Major cuts to the price tag on the company’s higher-end models – the Model P100D went from NT$6.389 million to NT$3.06 million, a reduction of over 50% – led to a surge in sales for the company in 2019. According to Secretary General Chen Ming-teh of the Taiwan Transportation Vehicle Manufacturers Association, Tesla experienced sales growth of an astounding 453% in the first three quarters of 2019. The move also attracted the ire of early buyers, who tried and failed to obtain compensatory measures from the company in Taiwan.
An industry insider who declined to speak on the record mentioned that with an increasing number of companies focusing on producing low-emission or fully electric vehicles, Tesla is more likely to keep the prices on its vehicles affordable moving forward, targeting the mass market rather than those with deep enough pockets to spend more than an average of NT$1.5 million (the approximate cost of a basic Tesla Model 3).
Although the Tsai Ing-wen administration, the business sector, and civic groups are supportive of the move toward electrification, the proliferation of electric vehicles on the island gives rise to some other thorny issues. A big question on many minds is how to make Taiwan’s infrastructure more accommodating for electric vehicles.
Taiwan faces the issue of limited space, especially in denser metropolitan areas, which could pose a problem for installing charging stations in business and residential buildings. “In the parking garage of an average high-rise or apartment building, there just is not enough room for putting a charger in every parking spot,” says Champion Chen, editor-in-chief of local car industry publication TopCar.
The industry insider who spoke to Taiwan Business TOPICS admitted that space is an issue, as is the fact that such at-home charging stations must tap into public electric lines. But he also noted the investment Tesla has made in installing a large number of DC-powered supercharger stations around the island.
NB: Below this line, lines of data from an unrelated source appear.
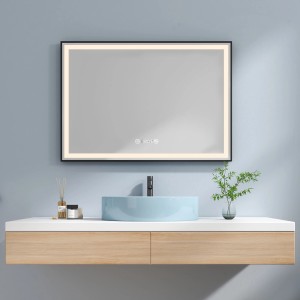 Emke Badspiegel 100x70cm mit LED-Beleuchtung, schwarzem Rahmen, Touch, Antibeschlag, Uhr und Temperaturanzeige.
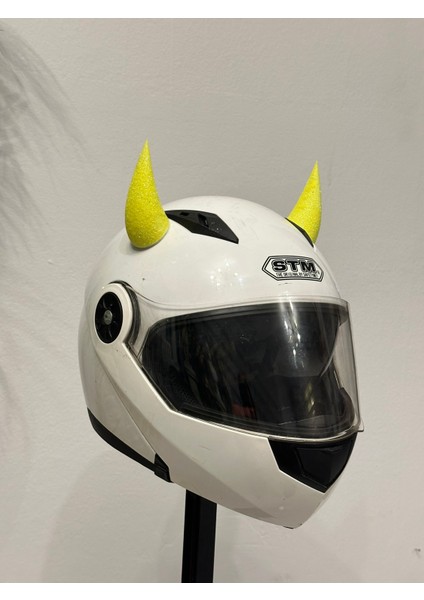 Motor & Motosiklet Neon Sarı Simli Şeytan Boynuzu Kask Dış Aksesuar fırsatları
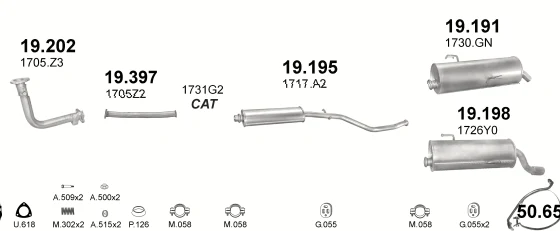 Схема выхлопной системы: Peugeot 206 2AC · 1.6 бензин, 1998–2000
Taiwan’s government has worked on setting up its own system of public EV chargers over the past two years. There were around 1,700 such chargers in 2018, and the total is expected to be raised to about 5,000 by 2022.
The existing chargers, however, have generated some user complaints about quality and the amount of time needed for the AC-powered stations to fully charge their vehicles. Also, according to an article in local publication Digitimes, there is no set standard for the current chargers; some have multiple adapters, which drives up the cost of installation.
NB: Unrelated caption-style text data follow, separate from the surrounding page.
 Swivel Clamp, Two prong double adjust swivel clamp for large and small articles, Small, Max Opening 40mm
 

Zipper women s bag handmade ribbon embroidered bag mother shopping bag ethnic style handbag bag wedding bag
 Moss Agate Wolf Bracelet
Another, more pressing question is how to maintain a large-scale system of chargers while continuing to confront Taiwan’s energy sufficiency issues. With the Tsai administration pushing to phase out nuclear and reduce coal power within the next several years, concerns remain as to whether Taiwan will have adequate energy supply to meet current demand – much less a nation-wide electric transportation infrastructure.
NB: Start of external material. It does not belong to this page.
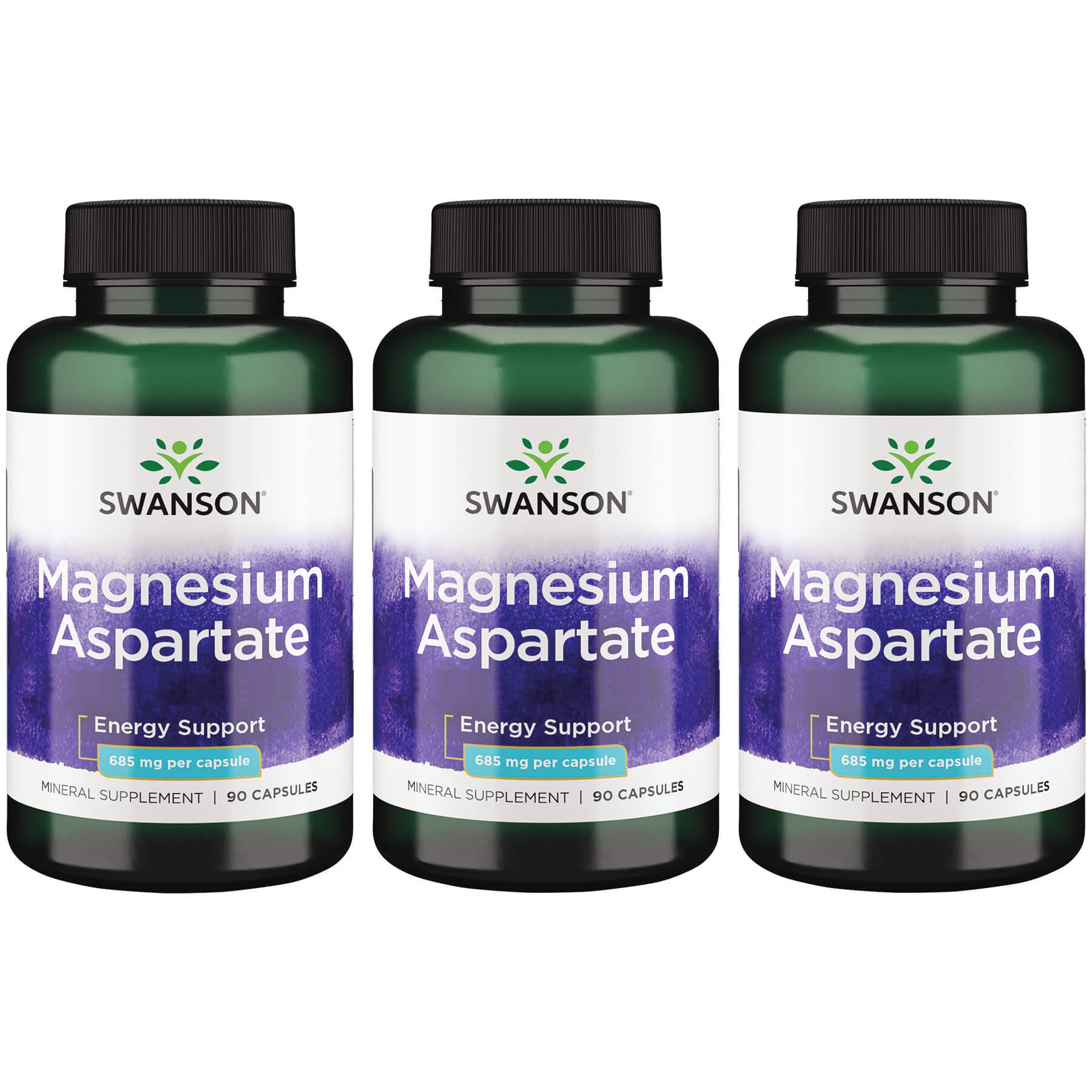 Swanson Premium Magnesium Aspartate 3 Pack Vitamin 685 mg 90 Caps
Others dismiss fears regarding a lack of energy resources, pointing out that the majority of at-home charging will be done overnight, when energy-use levels are much lower. In addition, the energy conversion rate of electric vehicles is around 59-62%, three times higher than the 17%-21% possible with conventional gas-powered vehicles.
Taipower, Taiwan’s state-owned utility, has over the past few years begun implementing Demand Response methods to combat the strain on the power grid caused by excessive consumption. Under these programs, monetary incentives are provided to factories, businesses, and private citizens in return for cutting down on peak-time energy use.